Friday, September 28, 2007

Paternity Test Negative But He is Still the Daddy

Recently, the Superior Court Of Pennsylvania reversed a decision by the Trial Court which named the biological father as the father of the child and rescinded the paternity of a man who voluntarily acknowledged paternity shortly after birth even though no paternity test had been performed. In this case, the mother and the non-biological father had an ongoing sexual relationship. When mother became pregnant, mother and non-biological father agreed that no matter what the paternity test stated, he would be the father of the child. They agreed to no genetic testing and resided together during the pregnancy.

The parties resided together for approximately a year after the child’s birth. Differences ensued and mother refused to allow non-biological father access to the child. He filed a Petition for Custody. Then, both parties submitted to genetic testing.

Notably, the genetic testing did not take place until approximately one year after the child’s birth. Once the test came back negative, the parties filed various Motions and ultimately joined another individual to the case, who, after genetic testing, turned out to be the actual biological father.

In another twist, the non-biological father tested positive for marijuana and was restricted to supervised visitations. Non-biological father then asked the Court to confirm his paternity due to his acknowledgment of paternity even though he was found not to be the biological father. On the other hand, the biological father requested that the Court vacate non-biological father’s Acknowledgment of Paternity so he could be the true father and mother joined in that request. The Trial Court ultimately ordered that the Acknowledgment of Paternity be rescinded due to fraud and found that the biological father was the true father of the child. However, non-biological father appealed.

The Superior Court reviewed the history of the case and did not agree that a fraud had been committed. Furthermore, the Superior Court relied on the original Acknowledgment of Paternity at a time when no DNA tests had been performed. The Court repeated the public policy that "children should be secure in knowing who their parents are, and, if a person has acted as a parent and bonded with the child, the child should not be required to suffer the potentially damaging trauma that may come from being told that the father he has known all his life, is not, in fact, his father." (Gebler vs Gatti, 895 A.2D 1 3 (Pa. Super. 2006) (citation omitted).)

The Trial Court concluded that the Acknowledgment of Paternity should not be rescinded and therefore, stood. Accordingly, the result in this case is that even though the paternity test showed that a different person was the father, because this non-biological father had a relationship with the child, bonded with the child, intended to be the child’s father and acknowledged paternity, he remained the true father.

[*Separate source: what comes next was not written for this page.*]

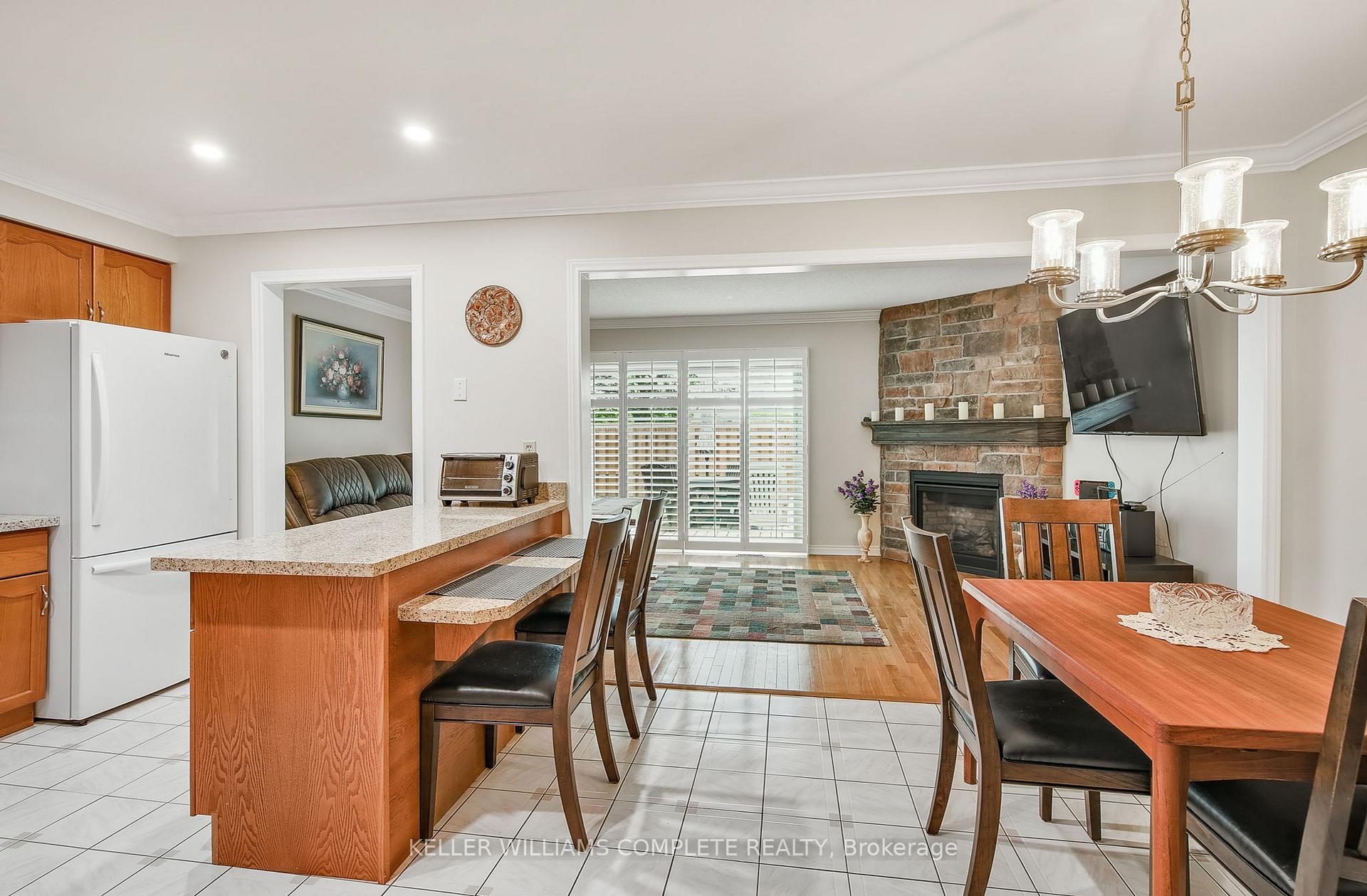 Photo 5 of Unit 20, 34 Dynasty Avenue, Hamilton, Stoney Creek — HOMEH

The lesson and moral of this story? Signing an Acknowledgment of Paternity has serious, sometimes irreversible, consequences.


mary said...

I know a similar case, my husband acknodlegde paternity in the case of twin sisters, born while having an affair, after few months I did a dna test without their mother consent and was negative. My spouse signed for them as the father and does not want to change the birth certificate know. Can I inpugne the name, I have 3 kids, do they have to share what we have???

Linda A. Kerns, Esquire said...

Acknowledgements of Paternity can be a legal quagmire. I suggest that your husband consult with a local attorney familiar with these issues, who can analyze the case and determine his rights.

Anonymous said...

I live in the state of NJ and I had a son in 2001. The father signed the birth certificate at the court house, because he had missed the lady at the hospital. and now seven years later, he wants to get a generic test done after he waived his rights doing the child support hearing. Can this be done

Anonymous said...

i have a similar case. though he willingly signed the birth certificate at birth. he tells me a year later he got a genetic test and he isnt the father. he wont help me support my daughter and wont give me the results! can i take him to court and even if he isn't the biological father and still get child support?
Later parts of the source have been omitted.